Orchids

June 13, 2017

We are really glad you like our new display of Orchids at the entrance.  Thank you for all your lovely comments and for bearing with us while we rearrange our HOUSEPLANT SECTION.

 

Orchids have the potential to look good all year round with their generous flowering periods and wealth of colour.  White is perennially popular but the range available stretches from pale lemon yellow to disco pink and vibrant, cocktail orange.

 

Due to the availability of Orchids they are often treated as disposable or, mistakenly assumed to be dead when flowers fade when they are in fact ‘resting’ before a triumphant return. We stock Dendrobium, the Bamboo Orchid,  which flowers along the length of its stem for a staggeringly consistent 45 days non-stop.  With continued care and gentle watering it will then reappear to perform for further extended periods.

 

More likely though you may have purchased a Phalaenopsis as they are easy to grow and to encourage to reflower. They are commonly known as The Moth Orchid producing arching, elegant spikes of 8-10 flowers or more. Follow our handy tips for getting the most from your Langton orchid:-

 

 

LIGHT

 

Orchids that are grown indoors do not like to be scorched by bright, direct light.   It yellows their leaves and turns them to mush. However, they won’t appreciate the dark either. They prefer  a relatively bright environment with the gentle filtered light of a net curtain or some diffuse emission. In any event,  keep away from extremes of the cold north or the  baking south.

 

 

TEMPERATURE

 

Phalaenopsis like a steady indoor temperature of around 15 – 20C.  A comfortable heated room with no chilly, blow through blasts. Due to this temperament it’s best not to house them on a windowsill, particularly where the temperature may range from warm in the day to cold at night.  Steadiness is the key.  Orchids do not appreciate being shocked.

 

 

WATERING & HUMIDITY

 

Think rainforest or Eden project: a tranquil, steamy climate of consistent temperature.  Hence the creation of Orchid mists to replicate the environment they love so much.  If you do not buy a prepared blend, simply mist daily during summer and continue to apply to leaves when not in flower and regularly during winter.

 

 

Enthusiasts would sit the plant pot onto gravel to allow for a continuous level of dampness (but not standing wet) moisture to the base.  Moreover,  it is specifically collected rainwater or cool, boiled water.  However, I have to say  I have an Orchid that has received  no such special attention and existed quite happily on the occasional soaking under the kitchen tap that to me replicates drenching rainfall.  However, drainage is key and I will allow it to drain completely for an hour before replacing in situ.

 

If you don’t stand them in gravel or regularly mist the leaves and roots, you night find your orchid benefits from a weekly plunging into a pot of tepid rainwater.  Always let them drain thoroughly.

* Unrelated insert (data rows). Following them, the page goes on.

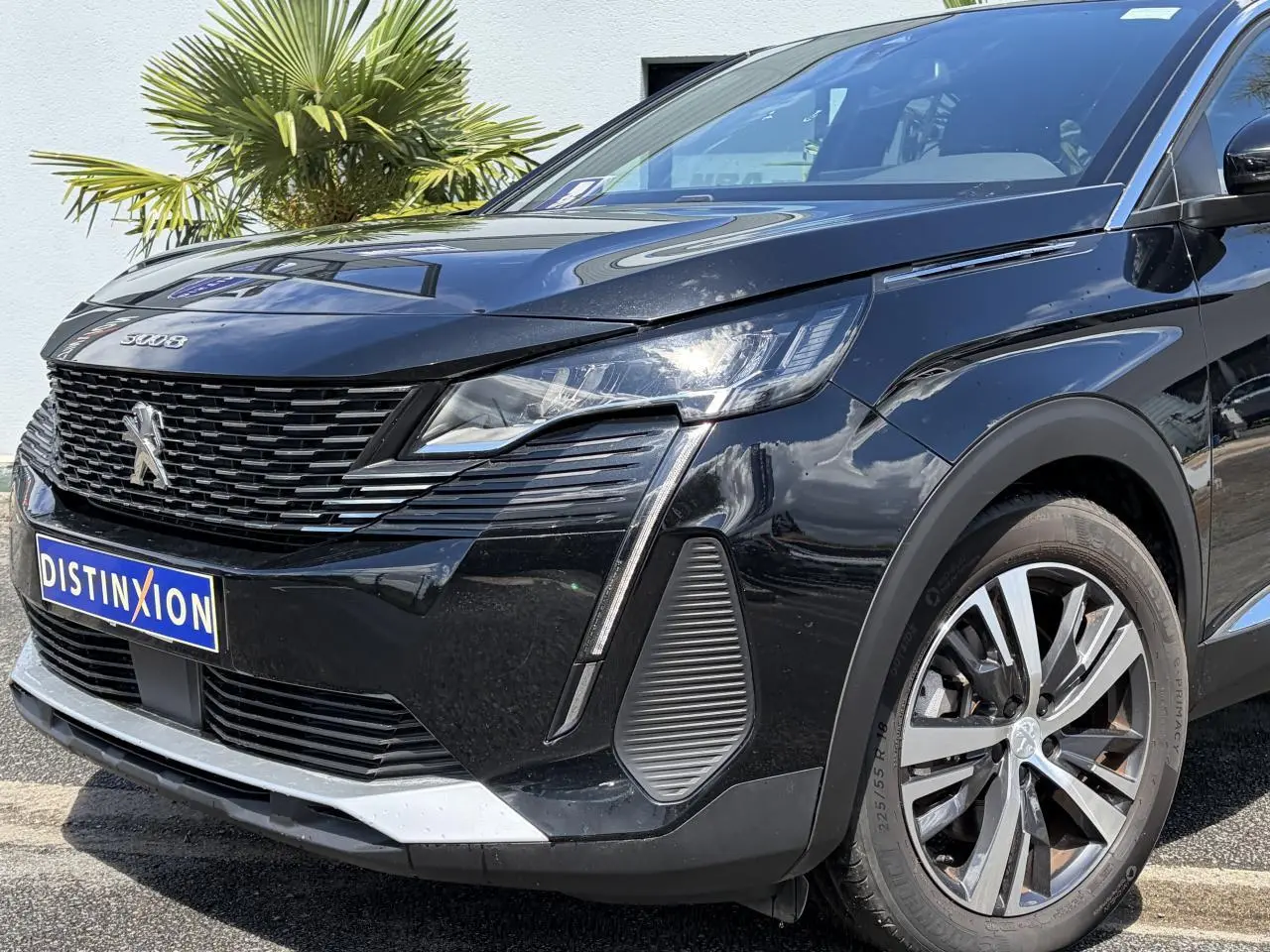 Vue 3/4 avant droite du Peugeot 3008 Plug-in Hybrid noir Perla avec calandre distinctive et jantes alliage bi-ton 18 pouces.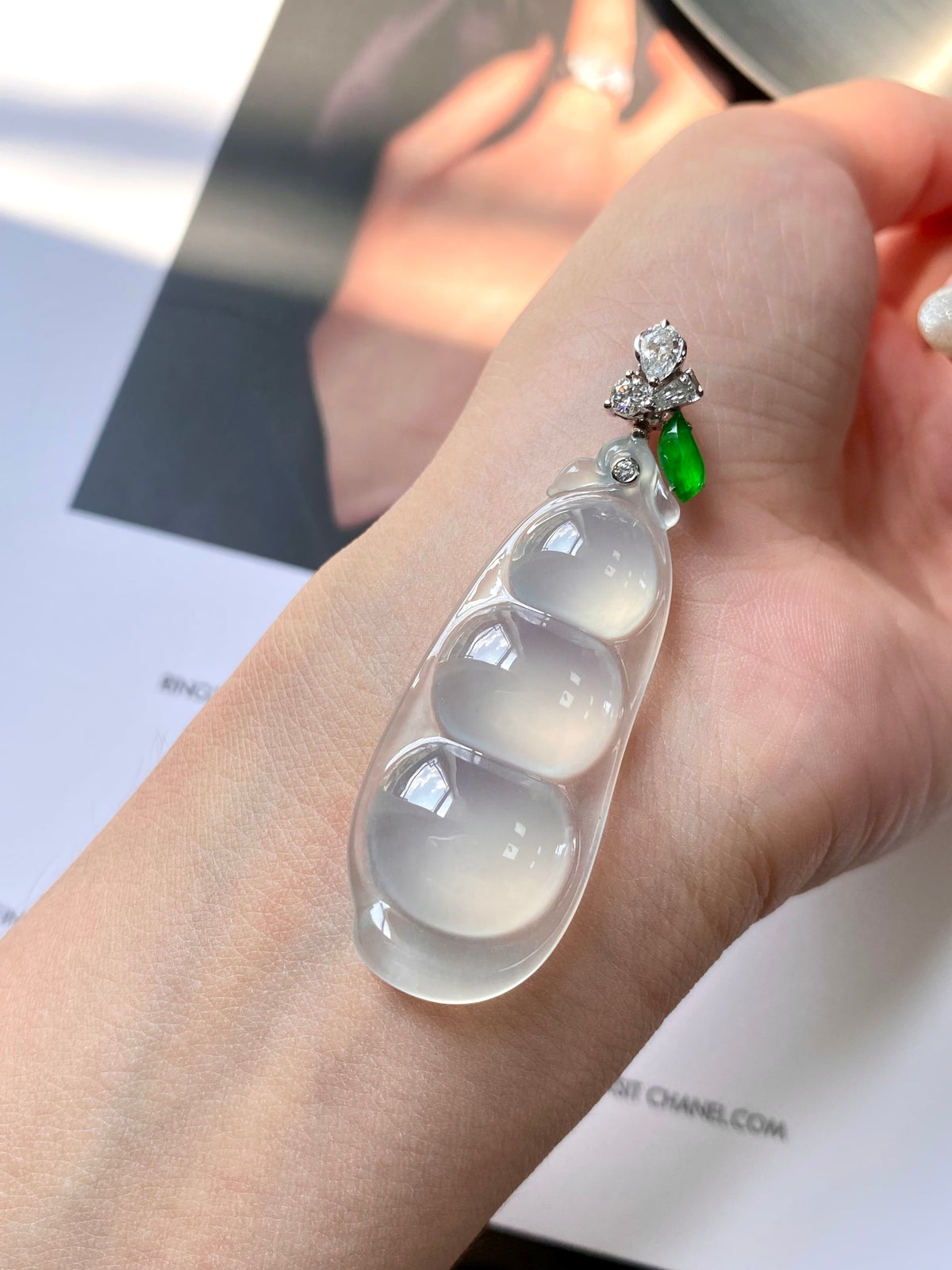 Icy white jadeite pea pod pendant with green accent and diamond-like flower top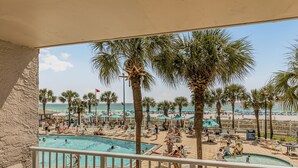 A pool area with lounge chairs and umbrellas, palm trees, and a view of the beach. - 2nd Floor @ THE SUMMIT 1BR 1.5 BA  Free Beach Chairs!  $240 Weekly Value (Panama City Beach)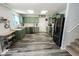 Updated kitchen with stainless steel appliances, plenty of counter space, and stylish light fixtures at 6213 Selago Dr, Indianapolis, IN 46203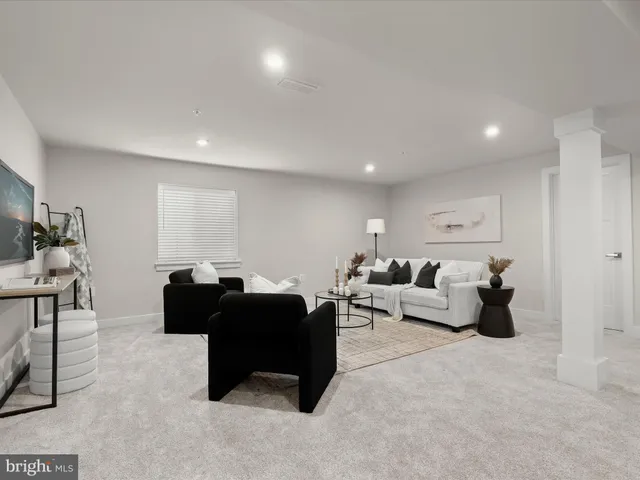 a view of empty room with wooden walls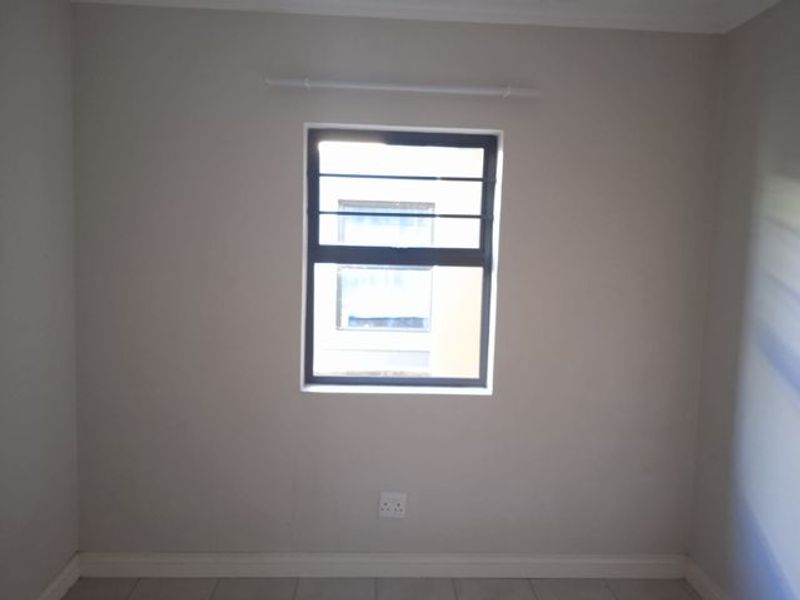 A clean, empty bedroom featuring neutral walls, tiled flooring, and a window fitted with security bars.
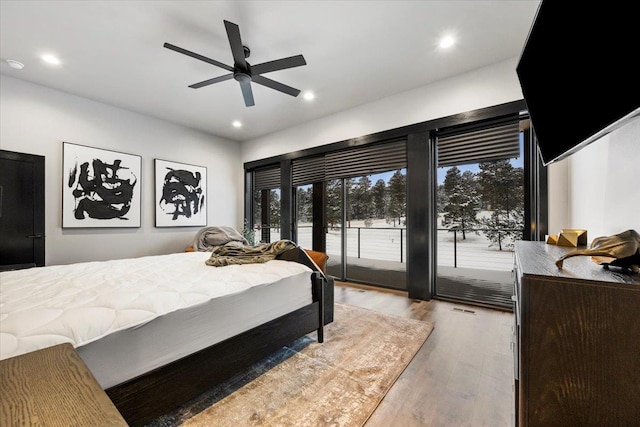 bedroom with multiple windows, recessed lighting, wood finished floors, and access to exterior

There is a delicate balance between continuously damp moisture levels, not dry, not wet.  This is probably where most consumers struggle but it’s not rocket science.  They are very amenable and endlessly rewarding with steady, gentle care. Feed every couple of weeks in season to retain vitality.

 

 

 

REPOTTING & CLEAR POTS

 

Indoor Orchids are epiphytic (growing on trees) or lithophytic (growing on rocks) thus requiring moisture and air round their roots rather than soil. Likewise, we repot orchids because the bark like compost has degraded and prevents air getting to the root.  This is dine every couple of years, ideally after flowering in spring and only using specialist orchid compost.  Likewise because of the particular importance of roots to the plant, orchids are grown and re-potted only in clear pots.  Prune off any weak or dead roots and do not aim to cram in  wayward aerial roots.  Leave them to dangle.  Again, unlike conventional plants, orchids are repotted into the same size pot or one size up.

 

 

PRUNING

 

Once the flower has faded, trace the stem back to its lowest node from the base.  This is a little swelling on the stem.  Cut diagonally above that point.  This node is where the next flower will come from. Be prepared to wait……this can take a few months but a delight to see it emerge again and know you are a competent orchid keeper. In meantime, follow above instructions and above all DO NOT THROW IN BIN.  Plant is  resting and will be back in due course.  As will I.  HAPPY GARDENING.